-------- DATA UNDER STUDY

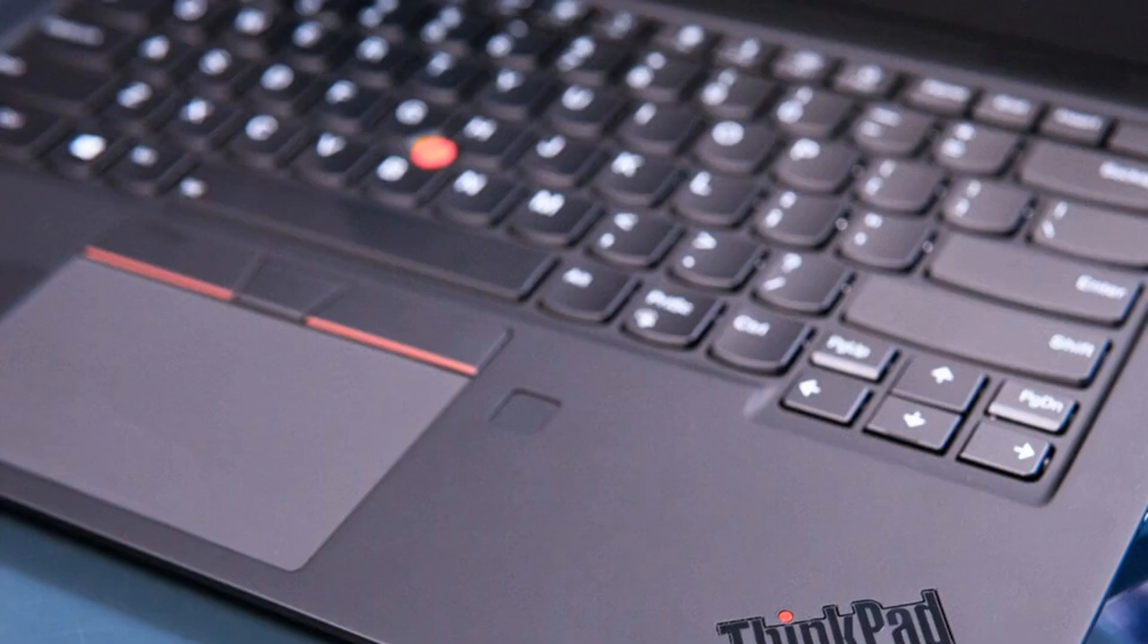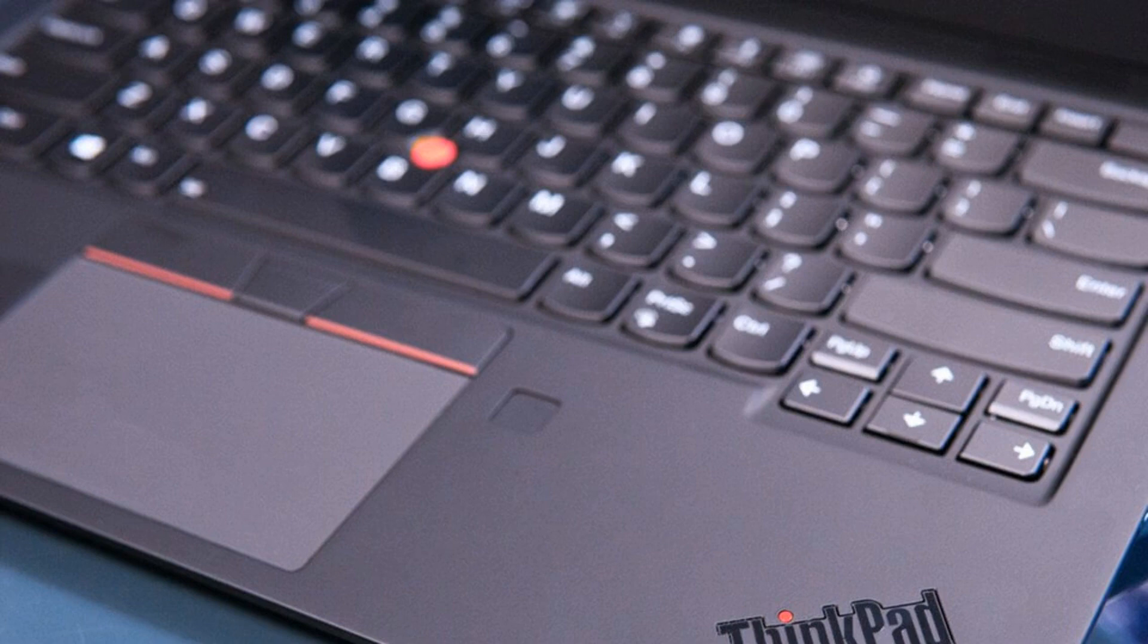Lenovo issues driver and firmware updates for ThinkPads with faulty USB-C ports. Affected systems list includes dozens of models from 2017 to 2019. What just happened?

----------------
-------- DATA UNDER STUDY

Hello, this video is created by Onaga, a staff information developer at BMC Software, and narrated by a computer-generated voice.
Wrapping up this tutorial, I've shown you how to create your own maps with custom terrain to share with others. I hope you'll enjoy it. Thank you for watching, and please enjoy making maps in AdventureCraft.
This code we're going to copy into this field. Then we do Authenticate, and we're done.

----------------

TASK TO CARRY OUT:
Sift through the material above and copy each line that holds "this".

OUTPUT BELOW:
Hello, this video is created by Onaga, a staff information developer at BMC Software, and narrated by a computer-generated voice.
Wrapping up this tutorial, I've shown you how to create your own maps with custom terrain to share with others. I hope you'll enjoy it. Thank you for watching, and please enjoy making maps in AdventureCraft.
This code we're going to copy into this field. Then we do Authenticate, and we're done.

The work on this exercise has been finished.